Une comédie charmante mais sans relief.


Elle s’appelle Ruby (Ruby Sparks), de Jonathan Dayton et Valerie Faris (2012).

            Sans doute se souvient-on encore du précédent et premier film réalisé par le tandem Faris-Dayton, Little Miss Sunshine. C’était une comédie très enlevée, avec des personnages bien dessinés, un heureux enchaînement de situations originales, un humour plutôt délicat et, pour finir, une mise en scène assez passe-partout. Bref, le type même du film de scénariste où les réalisateurs assurent tant bien que mal sans chercher midi à quatorze heures.  Après un silence de six ans, Faris et Dayton remettent le couvert, cette fois sur un scénario de Zoe Kazan (la fille de Nicholas et la petite-fille d’Elia) mais d’une qualité nettement inférieure à celui de Michael Arndt pour Little Miss Sunshine.

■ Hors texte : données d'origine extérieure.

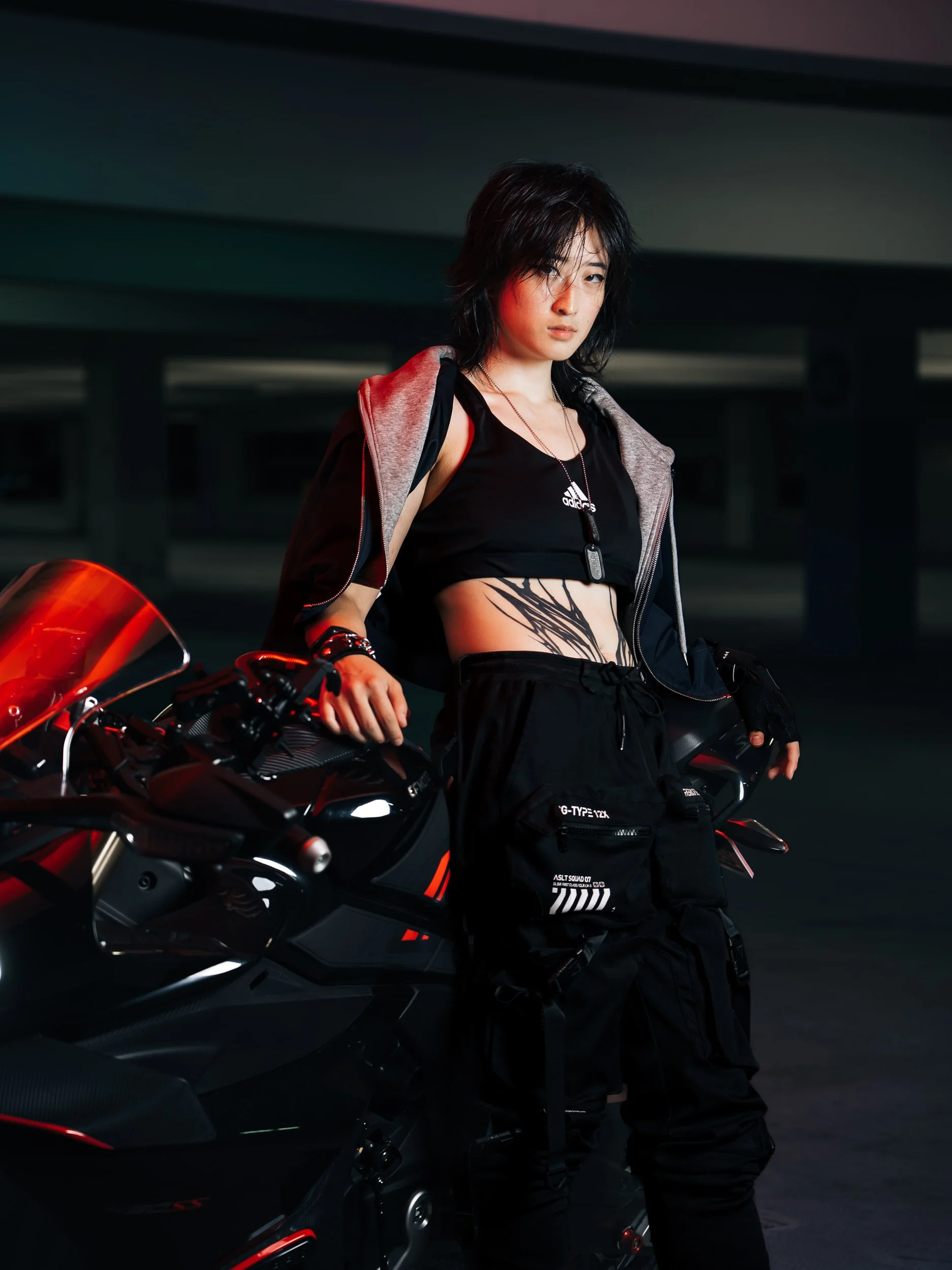Edwards, Bike Shoot-193.jpg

            Ruby n’existe pas, bien qu’une pétillante jeune comédienne l’incarne avec bonheur  --  Zoe Kazan elle-même, plus convaincante comme actrice que comme scénariste. Elle n’est que le fruit de l’imagination d’un jeune romancier en panne d’écriture, Calvin (Paul Dano), sorte de grand Duduche allénien. Il y a d’ailleurs quelque chose d’un Manhattan version côte ouest dans le portrait de cet écrivain, héritier de l’Isaac Davis imaginé en 1979 par Woody Allen, alors au faîte de son talent  --  un personnage qui était une « île à soi-même » et à qui l’on conseillait d’«avoir un peu foi en autrui». Calvin lui ressemble comme un fils. Incapable semble-t-il de s’intéresser aux autres, il rêve d’une femme idéale qui finit par prendre vie et à mener sous le nom de Ruby une existence autonome mais que Calvin, moderne Pygmalion, peut modeler à sa convenance. Il lui suffit de s’installer devant sa machine à écrire et de rédiger quelques phrases succinctes pour la plier à tous ses caprices.

            C’était une excellente idée d’adapter le mythe de Pygmalion à la culture nord-américaine où un psychanalyste (Elliott Gould, excellent) tient lieu de dieu de l’Olympe. Reste cependant qu’une bonne idée ne suffit pas pour faire un bon film, c’est bien connu, et que Zoe Kazan peine quelque peu à développer son sujet, même si elle parvient ponctuellement à réussir quelques bonnes scènes. Cette irrégularité dans l’écriture, que le peu d’épaisseur des personnages et le manque de brio des dialogues accentuent encore, nuit forcément à l’attention du spectateur, et l’on se surprend ici ou là à se laisser gagner par un léger ennui.

            Non qu’il s’agisse cependant d’un film indigne. Mais la richesse du sujet autorisait des développements autrement plus intéressants. D’autant que les acteurs sont bons et jouent avec une très réelle conviction  --  même si Annette Bening et Antonio Banderas en font un peu trop dans leurs rôles de vieux hippies anachroniques. Mais là encore, ils pâtissent de la faiblesse d’un scénario qui les réduit à l’état de clichés, et c’est dommage. Autre vieux briscard, Elliott Gould s’en sort beaucoup mieux, bénéficiant, lui, de scènes bien écrites et qui sonnent justes  --  peut-être les meilleures, un peu noyées parmi tant de platitudes et de redites. Tout le film ressemble finalement à sa dernière scène, charmante mais conventionnelle et sans surprise  --  autant dire sans le moindre relief.